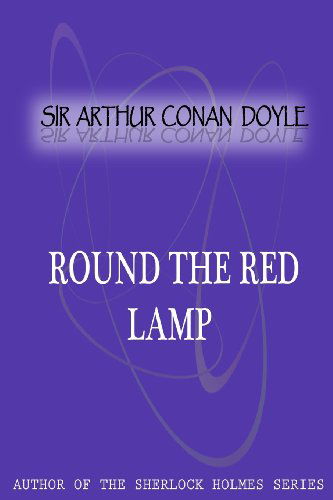 Round the Red Lamp - Sir Arthur Conan Doyle - Kirjat - CreateSpace Independent Publishing Platf - 9781477404355 - lauantai 5. toukokuuta 2012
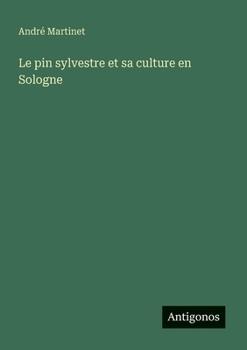 Paperback Le pin sylvestre et sa culture en Sologne [French] Book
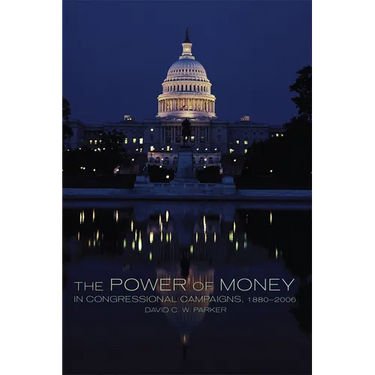 The Power of Money in Congressional Campaigns, 1880-2006: Volume 6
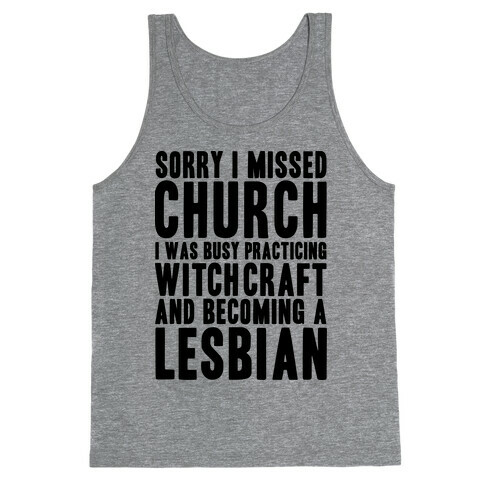 Sorry I Missed Church Tank Top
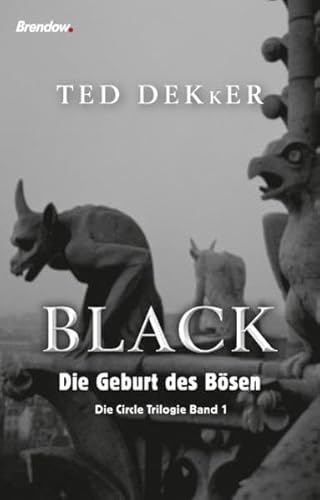 Black: Die Geburt des BÃ¶sen - Die Circle Trilogie Band 1 (9783865062918) by Dekker, Ted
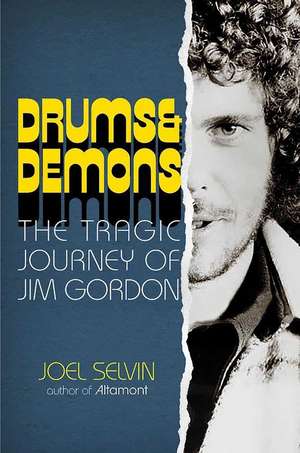 Drums & Demons: The Tragic Journey of Jim Gordon de Joel Selvin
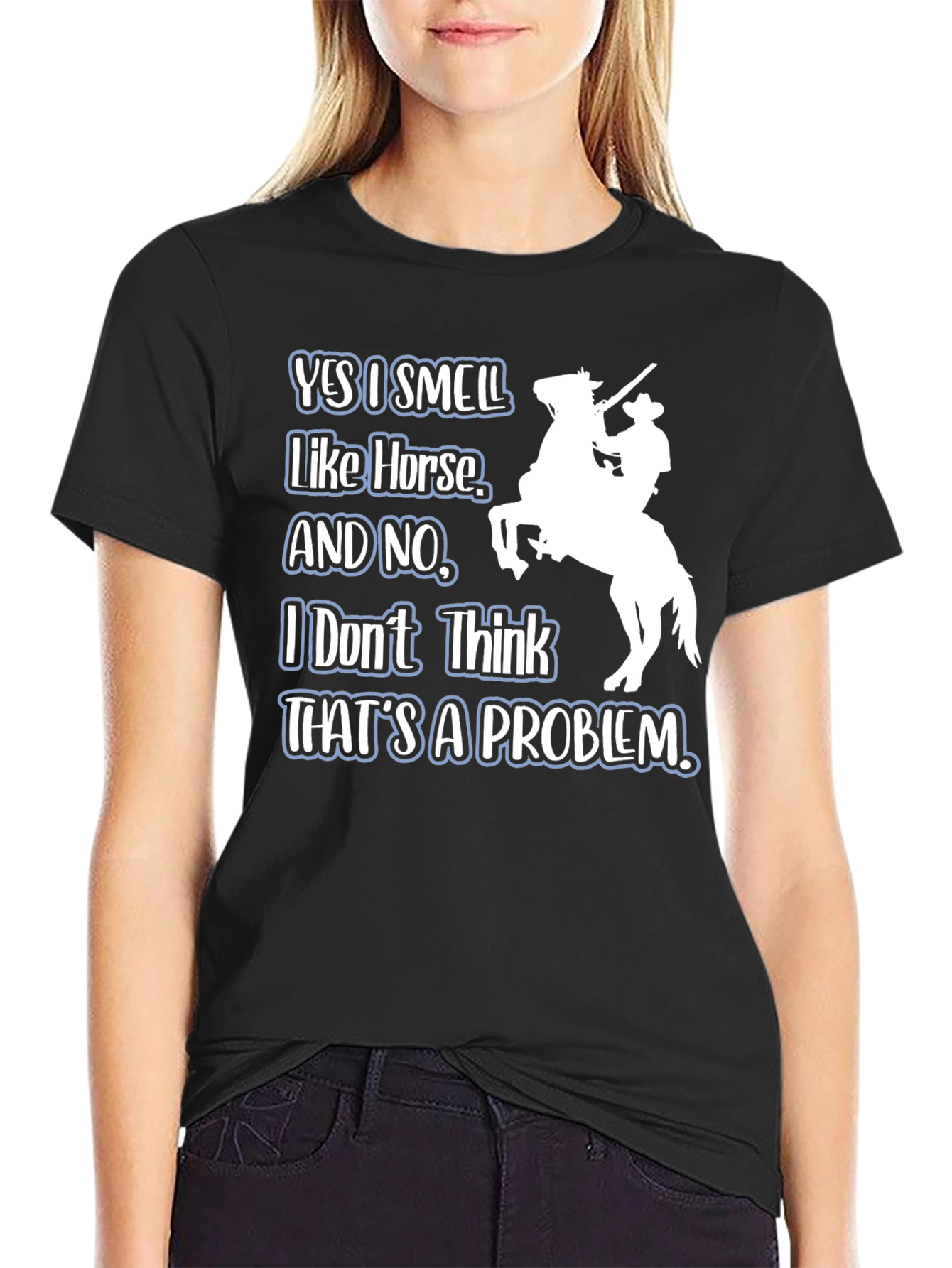 Yes I Smell Like Horse T-Shirt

--- What is required ---
Beginning with the line that has "The Power of", repeat each remaining line of the data above word for word, keeping pictures out.

--- Response area ---
 The Power of Money in Congressional Campaigns, 1880-2006: Volume 6
 Sorry I Missed Church Tank Top
 Black: Die Geburt des BÃ¶sen - Die Circle Trilogie Band 1 (9783865062918) by Dekker, Ted
 Drums & Demons: The Tragic Journey of Jim Gordon de Joel Selvin
 Yes I Smell Like Horse T-Shirt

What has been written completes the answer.